Wednesday, February 01, 2006

An afternoon in the Global Village, Dubai

An afternoon in the Global Village, Dubai

By

Robert Leslie Fielding


The Global Village opens its doors at 4 in the afternoon.  Getting there at that time is easy - the sun is still too high in the sky for most people.  Still, a little crowd of people wait for the green uniformed security guards to nod and let them through.

The little crowd at the gate soon disappears in the morass of pavilions inside.
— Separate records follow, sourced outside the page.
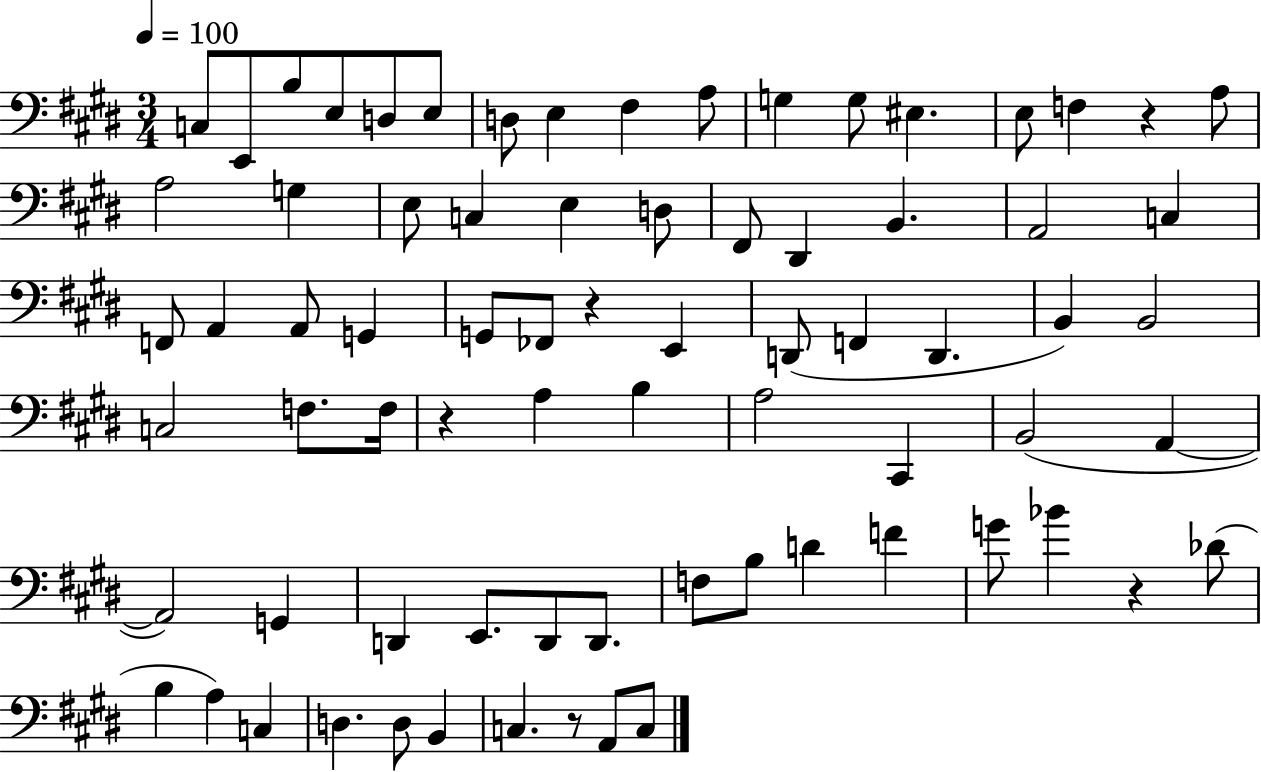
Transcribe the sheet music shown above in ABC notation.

X:1
T:Untitled
M:3/4
L:1/4
K:E
C,/2 E,,/2 B,/2 E,/2 D,/2 E,/2 D,/2 E, ^F, A,/2 G, G,/2 ^E, E,/2 F, z A,/2 A,2 G, E,/2 C, E, D,/2 ^F,,/2 ^D,, B,, A,,2 C, F,,/2 A,, A,,/2 G,, G,,/2 _F,,/2 z E,, D,,/2 F,, D,, B,, B,,2 C,2 F,/2 F,/4 z A, B, A,2 ^C,, B,,2 A,, A,,2 G,, D,, E,,/2 D,,/2 D,,/2 F,/2 B,/2 D F G/2 _B z _D/2 B, A, C, D, D,/2 B,, C, z/2 A,,/2 C,/2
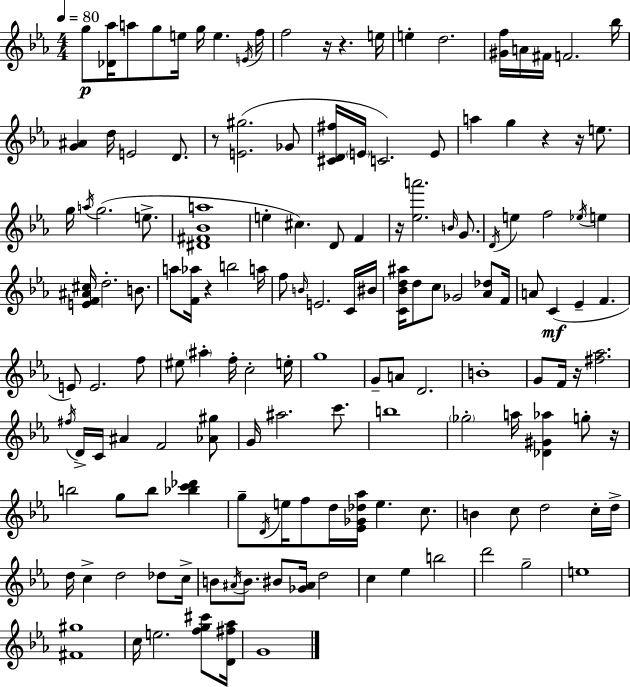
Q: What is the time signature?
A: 4/4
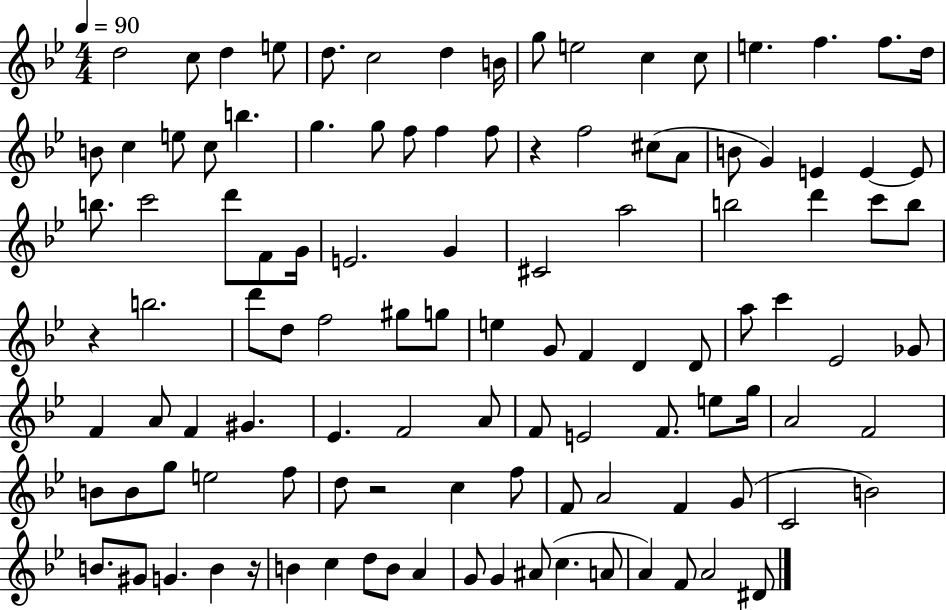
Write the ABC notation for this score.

X:1
T:Untitled
M:4/4
L:1/4
K:Bb
d2 c/2 d e/2 d/2 c2 d B/4 g/2 e2 c c/2 e f f/2 d/4 B/2 c e/2 c/2 b g g/2 f/2 f f/2 z f2 ^c/2 A/2 B/2 G E E E/2 b/2 c'2 d'/2 F/2 G/4 E2 G ^C2 a2 b2 d' c'/2 b/2 z b2 d'/2 d/2 f2 ^g/2 g/2 e G/2 F D D/2 a/2 c' _E2 _G/2 F A/2 F ^G _E F2 A/2 F/2 E2 F/2 e/2 g/4 A2 F2 B/2 B/2 g/2 e2 f/2 d/2 z2 c f/2 F/2 A2 F G/2 C2 B2 B/2 ^G/2 G B z/4 B c d/2 B/2 A G/2 G ^A/2 c A/2 A F/2 A2 ^D/2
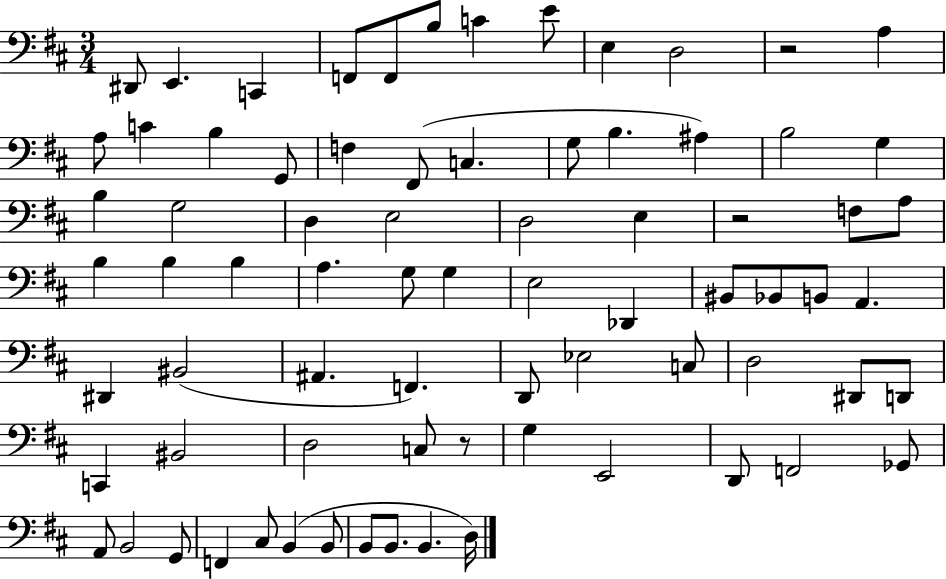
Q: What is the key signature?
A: D major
The Pakistan pavilion is nearest the gate.  We walk in but a lot of the stalls aren't ready for us - men are busy unpacking crates and setting out their stalls.

Next to the Pakistan pavilion is the Yemeni one - full of jewelry - most stalls displaying more or less identical stuff.  Luckily, there are benches just outside the doors of each pavilion.  I sit and wait for my wife and her friend - jewelry and women go together, don't they?
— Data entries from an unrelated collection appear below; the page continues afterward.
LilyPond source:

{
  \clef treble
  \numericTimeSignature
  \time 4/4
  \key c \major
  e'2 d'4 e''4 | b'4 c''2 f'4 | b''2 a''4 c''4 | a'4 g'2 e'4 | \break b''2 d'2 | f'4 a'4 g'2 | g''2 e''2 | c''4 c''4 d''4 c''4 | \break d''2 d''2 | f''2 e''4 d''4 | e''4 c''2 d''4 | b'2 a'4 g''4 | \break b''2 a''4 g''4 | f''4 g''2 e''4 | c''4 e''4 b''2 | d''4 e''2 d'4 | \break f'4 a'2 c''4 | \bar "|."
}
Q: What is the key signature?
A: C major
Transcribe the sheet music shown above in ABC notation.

With time to look around, I watch the punters - two children facing each other in a wire shopping trolley - a worker with a pile of crates so high that he can't see where he's going - a man's hat blows off in the wind that has suddenly got up.  The Global Village is located in the middle of the desert, and deserts are windy places - sometimes.

The pavilions have distinctive, very different styles - Doric columns for the façade of the Greek pavilion, a fortress for the Palestinian one, and a pagoda for Cambodia - painted polystyrene, I discover upon touching the brown wall of the Yemeni pavilion.
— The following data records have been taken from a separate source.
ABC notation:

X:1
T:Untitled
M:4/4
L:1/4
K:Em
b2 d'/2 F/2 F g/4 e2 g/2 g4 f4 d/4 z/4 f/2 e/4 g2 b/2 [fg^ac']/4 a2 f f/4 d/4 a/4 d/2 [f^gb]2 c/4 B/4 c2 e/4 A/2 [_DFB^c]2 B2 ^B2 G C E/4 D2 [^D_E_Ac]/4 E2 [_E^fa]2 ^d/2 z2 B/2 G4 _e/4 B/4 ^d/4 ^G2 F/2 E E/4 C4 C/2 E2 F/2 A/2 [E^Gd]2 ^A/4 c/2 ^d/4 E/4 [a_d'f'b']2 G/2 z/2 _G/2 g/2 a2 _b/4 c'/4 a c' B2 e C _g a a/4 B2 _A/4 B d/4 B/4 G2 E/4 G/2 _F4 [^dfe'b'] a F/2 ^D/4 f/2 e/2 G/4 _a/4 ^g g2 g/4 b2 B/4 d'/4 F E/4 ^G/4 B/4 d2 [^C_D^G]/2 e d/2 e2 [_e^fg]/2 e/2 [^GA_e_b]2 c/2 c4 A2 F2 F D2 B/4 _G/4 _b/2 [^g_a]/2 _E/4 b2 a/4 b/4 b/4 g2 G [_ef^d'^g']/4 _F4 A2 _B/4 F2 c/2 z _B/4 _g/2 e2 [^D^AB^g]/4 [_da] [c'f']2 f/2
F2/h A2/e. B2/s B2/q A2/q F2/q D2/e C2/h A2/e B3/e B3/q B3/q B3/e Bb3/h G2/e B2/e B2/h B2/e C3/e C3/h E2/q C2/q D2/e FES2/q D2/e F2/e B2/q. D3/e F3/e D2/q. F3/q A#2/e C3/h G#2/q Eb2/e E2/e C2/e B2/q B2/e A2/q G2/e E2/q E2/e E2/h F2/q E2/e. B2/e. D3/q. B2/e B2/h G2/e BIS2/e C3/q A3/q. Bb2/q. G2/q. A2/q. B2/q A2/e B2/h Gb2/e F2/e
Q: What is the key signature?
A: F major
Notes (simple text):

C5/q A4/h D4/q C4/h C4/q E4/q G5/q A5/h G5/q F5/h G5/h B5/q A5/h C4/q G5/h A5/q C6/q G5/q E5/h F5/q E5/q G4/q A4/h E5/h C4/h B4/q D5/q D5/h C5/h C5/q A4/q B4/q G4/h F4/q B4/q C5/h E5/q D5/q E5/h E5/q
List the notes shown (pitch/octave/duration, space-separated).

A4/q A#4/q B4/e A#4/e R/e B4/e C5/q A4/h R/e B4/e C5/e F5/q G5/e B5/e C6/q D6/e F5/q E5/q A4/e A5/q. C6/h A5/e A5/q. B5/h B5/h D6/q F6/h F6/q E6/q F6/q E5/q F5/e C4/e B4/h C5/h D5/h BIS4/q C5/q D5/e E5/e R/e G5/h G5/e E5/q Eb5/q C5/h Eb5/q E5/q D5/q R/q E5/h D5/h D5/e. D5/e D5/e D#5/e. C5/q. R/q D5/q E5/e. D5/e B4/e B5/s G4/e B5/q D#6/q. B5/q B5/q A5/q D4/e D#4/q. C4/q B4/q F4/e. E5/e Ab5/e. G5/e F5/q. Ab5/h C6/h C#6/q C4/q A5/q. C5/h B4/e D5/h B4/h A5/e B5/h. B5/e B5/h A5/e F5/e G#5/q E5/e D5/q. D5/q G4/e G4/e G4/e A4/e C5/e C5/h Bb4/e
Each country proudly parades something of itself - dazzling photos of Iranian walled cities and holy shrines - elephant tusks twenty feet high for Kenya - a yurt (nomads tent) for the  republic of Kyrgystan - Big Ben and Buck House for the UK - a giant maple leaf for Canada.  

Music fills the air, and punctuates the call to prayer - the hum of conversation reminds us that the place is filling up as the sun starts to set - the temperature is dropping too - another reminder that evening has come.

Still the stallholders shout their wares in a panoply of colours and a hum of noise - the din that is the Global Village's last few days until next year.

Australia's pavilion without a "G'day, mate" to be heard anywhere.  Languages mix in the heat that is slowly evaporating into night.  Guttural sounds of Arabic, high pitched Thai, Chinese people talking naturally but sounding annoyed with everything in their frenetic sounding, furiously paced language.  

Above our heads green flags flap, wishbone street lamps waver, ubiquitous Pepsi signs rumble as the wind blows in off the dunes that stretch out to the sea shore.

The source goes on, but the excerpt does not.